Amazingly, there was little evidence of hostility towards America although, given the verbal antics of Barack Obama and Hillary Clinton these past eight days, there might have well been. One almost felt sorry for Obama. Had he rallied to the kind of democracy he preached here in Cairo six months after his investiture, had he called for the departure of this third-rate dictator a few days ago, the crowds would have been carrying US as well as Egyptian flags, and Washington would have done the impossible: it would have transformed the now familiar hatred of America (Afghanistan, Iraq, the "war on terror", etc) into the more benign relationship which the US enjoyed in the balmy 1920s and 1930s and, indeed, despite its support for the creation of Israel, into the warmth that existed between Arab and American into the 1960s.

But no. All this was squandered in just seven days of weakness and cowardice in Washington – a gutlessness so at odds with the courage of the millions of Egyptians who tried to do what we in the West always demanded of them: to turn their dust-bowl dictatorships into democracies. They supported democracy. We supported "stability", "moderation", "restraint", "firm" leadership (Saddam Hussein-lite) soft "reform" and obedient Muslims.

This failure of moral leadership in the West – under the false fear of "Islamisation" – may prove to be one of the greatest tragedies of the modern Middle East. Egypt is not anti-Western. It is not even particularly anti-Israeli, though this could change. But one of the blights of history will now involve a US president who held out his hand to the Islamic world and then clenched his fist when it fought a dictatorship and demanded democracy.

This tragedy may continue in the coming days as the US and Europe give their support to Mubarak's chosen successor, the chief spy and Israeli negotiator, Vice-President Omar Suleiman. He has called, as we all knew he would, for talks with "all factions" – he even contrived to sound a bit like Obama. But everyone in Egypt knows that his administration will be another military junta which Egyptians will again be invited to trust to ensure the free and fair elections which Mubarak never gave them. Is it possible – is it conceivable – that Israel's favourite Egyptian is going to give these millions the freedom and democracy they demand?

Or that the army which so loyally guarded them today will give such uncritical support to that democracy when it receives $1.3bn a year from Washington? This military machine, which has not fought a war for almost 38 years, is under-trained and over-armed, with largely obsolete equipment – though its new M1A1 tanks were on display yesterday – and deeply embedded in the corporation of big business, hotels and housing complexes, all rewards to favourite generals by the Mubarak regime.
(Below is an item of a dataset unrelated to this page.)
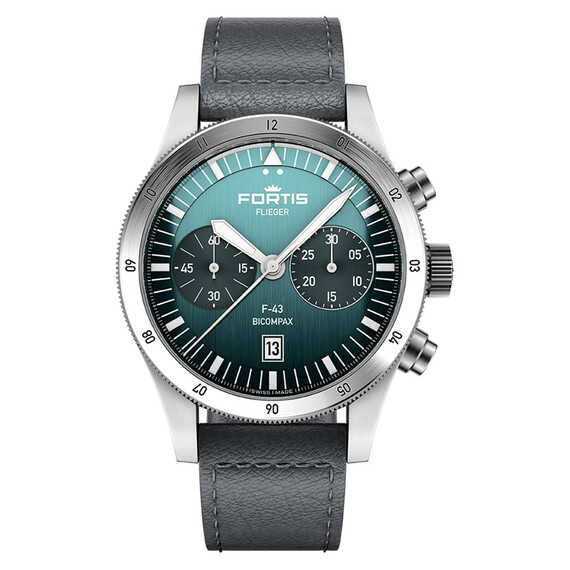 Pánské hodinky Fortis Flieger F-43 Bicompax Petrol F4240009, Verze: šedá 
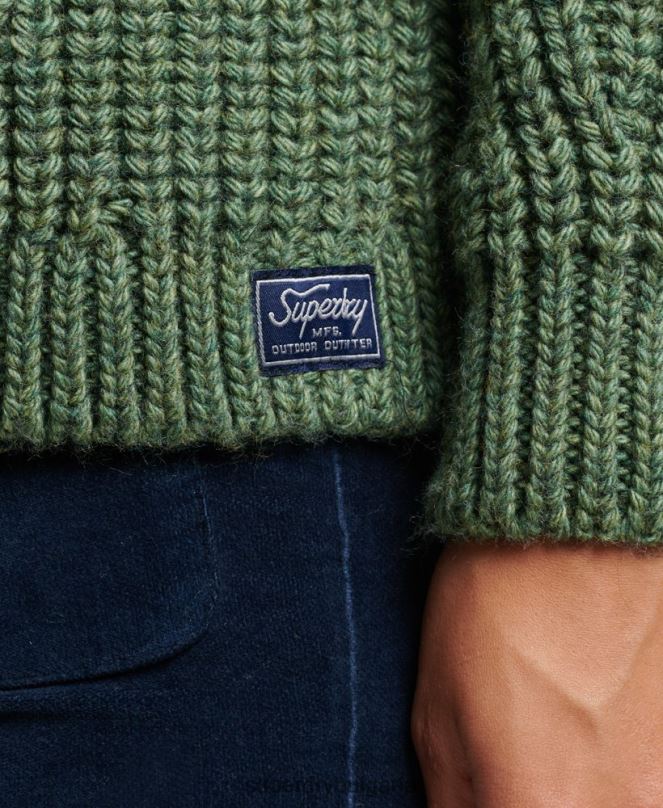Superdry облекло N00H3973 зелено Жени плетен джъмпер с ролка с напуснат шев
And what were the Americans doing? Rumour: US diplomats were on their way to Egypt to negotiate between a future President Suleiman and opposition groups. Rumour: extra Marines were being drafted into Egypt to defend the US embassy from attack. Fact: Obama finally told Mubarak to go. Fact: a further evacuation of US families from the Marriott Hotel in Cairo, escorted by Egyptian troops and cops, heading for the airport, fleeing from a people who could so easily be their friends.